Abstract
A common comorbidity of diabetes is skeletal muscle dysfunction, which leads to compromised physical function. Previous studies of diabetes in skeletal muscle have shown alterations in excitation-contraction coupling (ECC)—the sequential link between action potentials (AP), intracellular Ca2+ release, and the contractile machinery. Yet, little is known about the impact of acute elevated glucose on the temporal properties of AP-induced Ca2+ transients and ionic underlying mechanisms that lead to muscle dysfunction. Here, we used high-speed confocal Ca2+ imaging to investigate the temporal properties of AP-induced Ca2+ transients, an intermediate step of ECC, using an acute in cellulo model of uncontrolled hyperglycemia (25 mM, 48 h.).

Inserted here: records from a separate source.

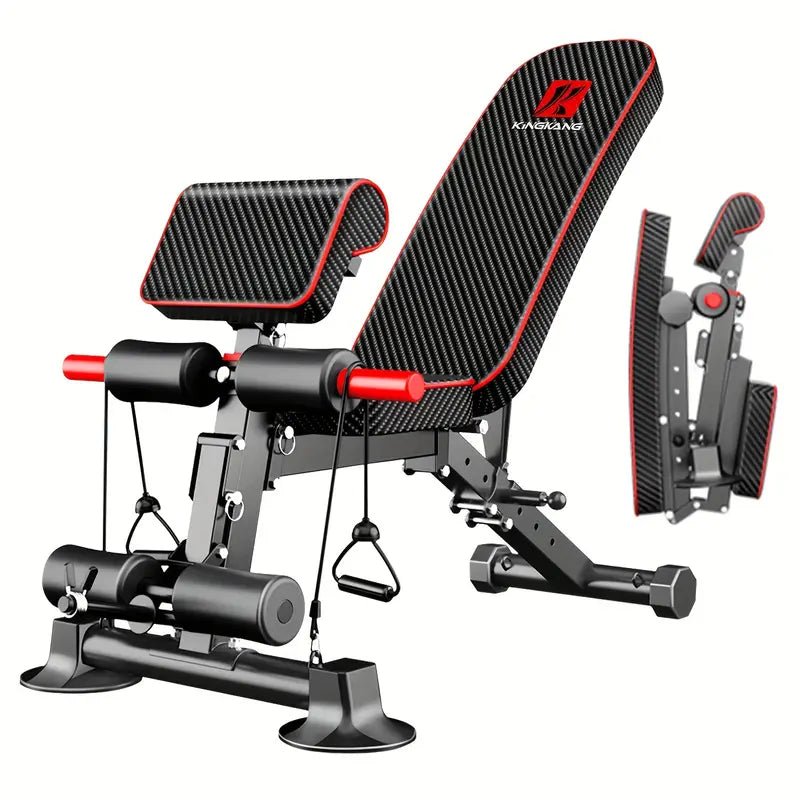 Adjustable Weight Bench for Full Body Exercise - Foldable, Multifunctional, Black&Red (1pc) - The Beast Protein Hub
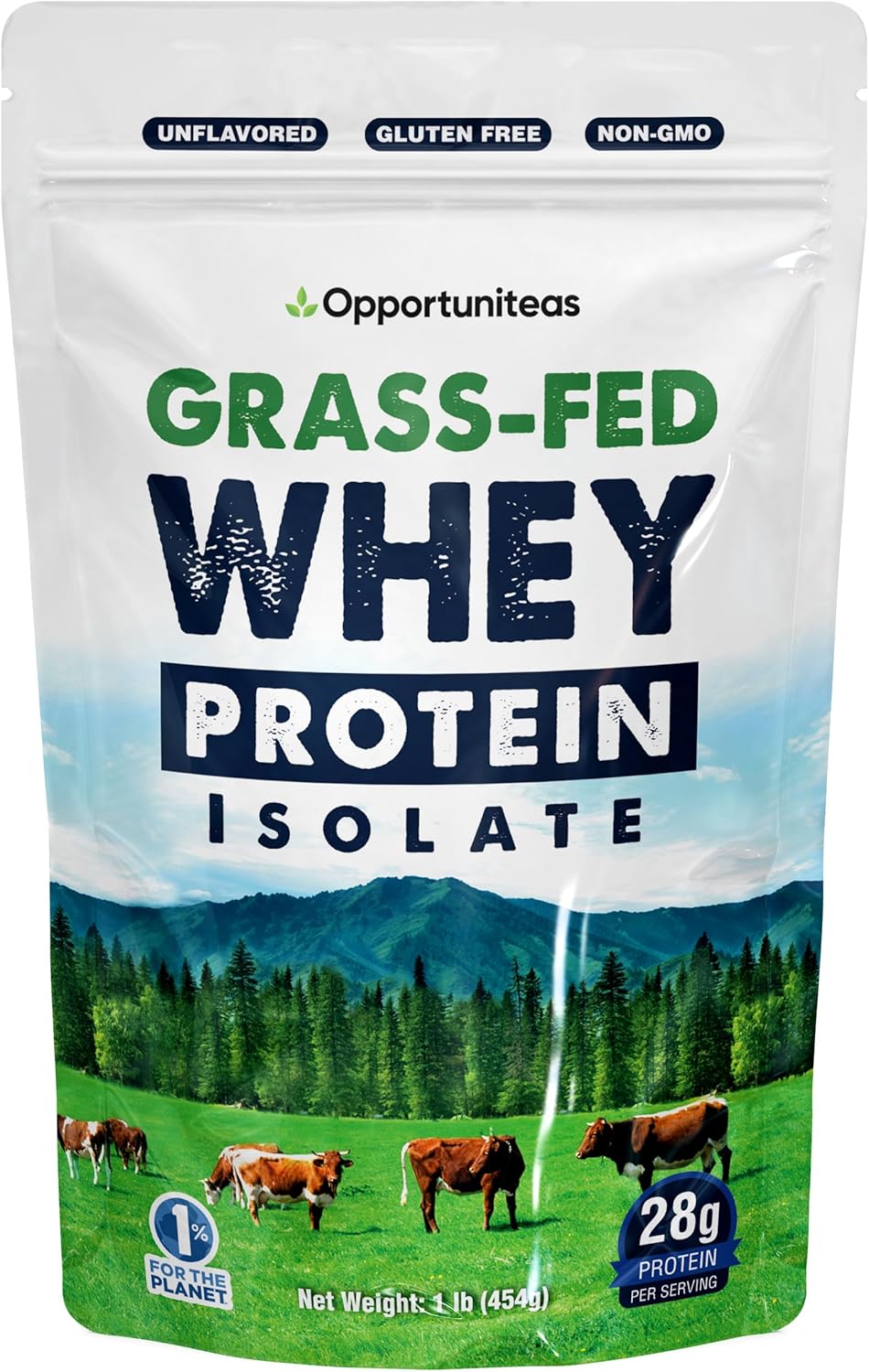Natural Grass Fed Whey Isolate Protein Powder - 28g Protein, Unflavored, Hormone-Free, Non GMO - 1lb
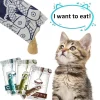 Pet Snacks Cat Strips 13gX8pcs Wet Food Cod Tuna Salmon Beef Kittens Supplement Protein DHA Make Hair Soften Beautiful Pet Food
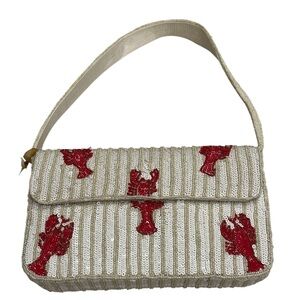 NWT Viral Lobster Red and Cream Beaded Handbag Handcrafted in India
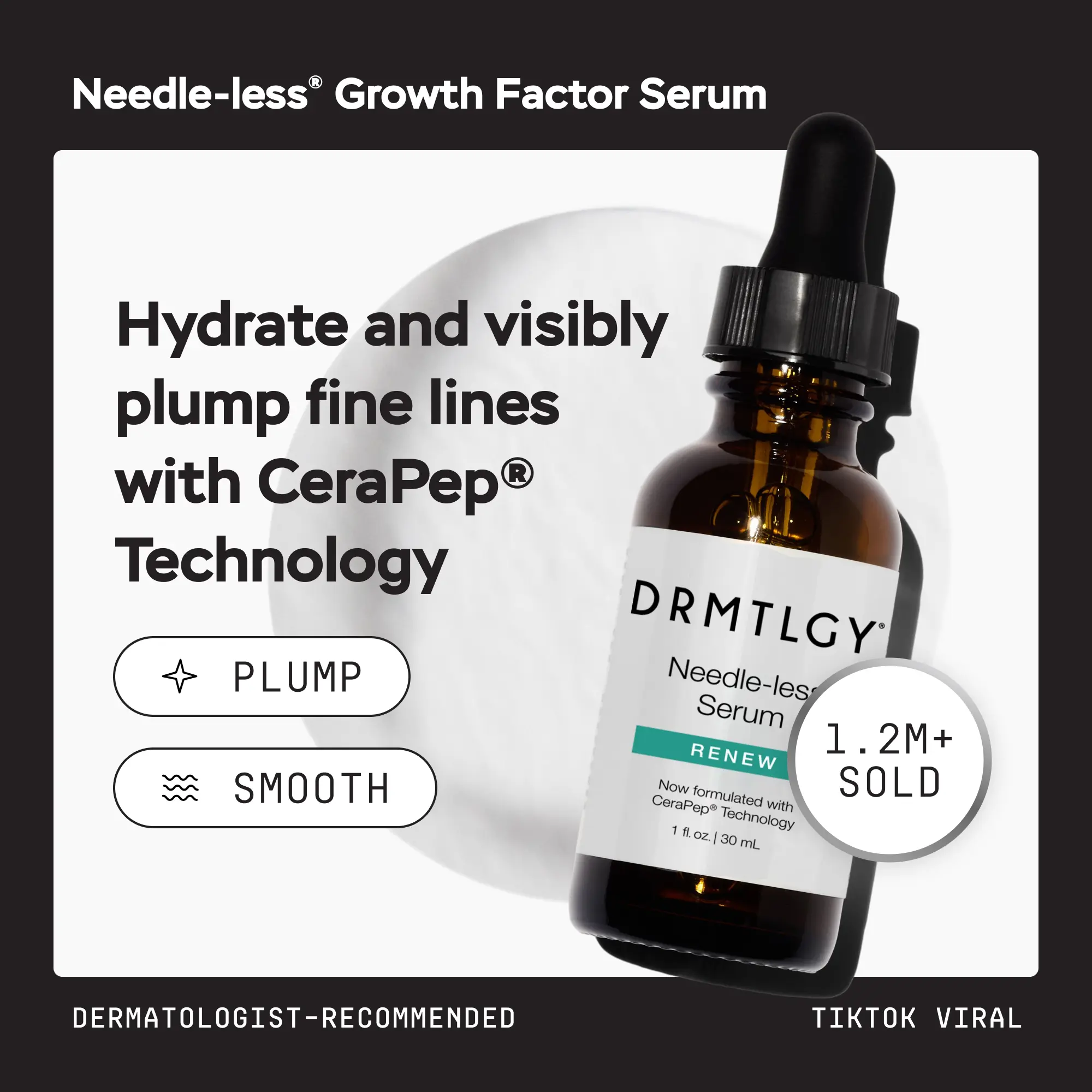 DRMTLGY Needle-less Serum 1oz with Peptides and Hyaluronic Acid Gentle Skincare
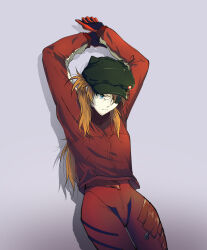 1girl absurdres against_wall angry arms_up blue_eyes bodysuit bodysuit_under_clothes cape eyepatch grey_hair highres jacket long_hair mecha_pilot_suit neon_genesis_evangelion orange_hair plugsuit_(evangelion) red_bodysuit rejakyee solo souryuu_asuka_langley standing thigh_gap very_long_hair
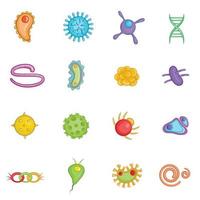 Virus icons set in cartoon style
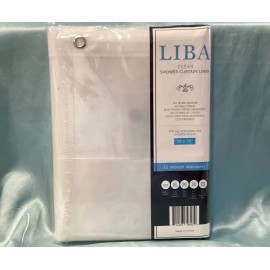 LIBA 72”X 72” Clear Shower Curtain Liner Peva Antibacterial, Rust Proof Grommets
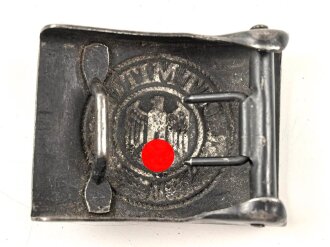 Heer, Koppelschloss für Mannschaften . Eisen blau lackiert, getragenes Stück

Control and elevated glucose-exposed muscle fibers cultured for five days displayed four distinct patterns of AP-induced Ca2+ transients (phasic, biphasic, phasic-delayed, and phasic-slow decay); most control muscle fibers show phasic AP-induced Ca2+ transients, while most fibers exposed to elevated D-glucose displayed biphasic Ca2+ transients upon single field stimulation. We hypothesize that these changes in the temporal profile of the AP-induced Ca2+ transients are due to changes in the intrinsic excitable properties of the muscle fibers. We propose that these changes accompany early stages of diabetic myopathy.
Highlights
Diabetes mellitus (DM), a complex metabolic syndrome, is due to the inability of the pancreas to produce and/or secrete insulin, referred as insulin deficiency or improper insulin signal transduction by tissues like hepatic, fat, and skeletal muscle, known as insulin resistance
Numerous studies have investigated how changes in skeletal muscle excitability, Ca2+ signaling, and contractility occur in acute and long-term hyperglycemia [12, 13, 20, 21, 47, 48]; few studies have examined the impact of diabetes mellitus on the excitability [22], contractility [49], and Ca2+ signaling [24] of the skeletal muscle at the cellular level
Little is known about the temporal properties of action potentials (AP)-evoked Ca2+ signals during acute hyperglycemia
Summary
Diabetes mellitus (DM), a complex metabolic syndrome, is due to the inability of the pancreas to produce and/or secrete insulin, referred as insulin deficiency or improper insulin signal transduction by tissues like hepatic, fat, and skeletal muscle, known as insulin resistance. In either insulin deficiency or resistance, the cells are unable to adequately metabolize the glucose, leading to hyperglycemia, the hallmark of the disease. Late complications of diabetes affect both the quality and quantity of life, resulting in major health costs [1]. The disease progression of both type 1 (T1D) and type 2 (T2D) diabetes are different, yet the clinical manifestations and complications are often similar [1]. Glucose levels reach abnormal elevated values ranging from 120 to 1200 mg/dL [2,3,4]. In addition to the change in glucose concentration, hyperglycemia is accompanied by significant changes in plasma osmolarity [2, 4, 5]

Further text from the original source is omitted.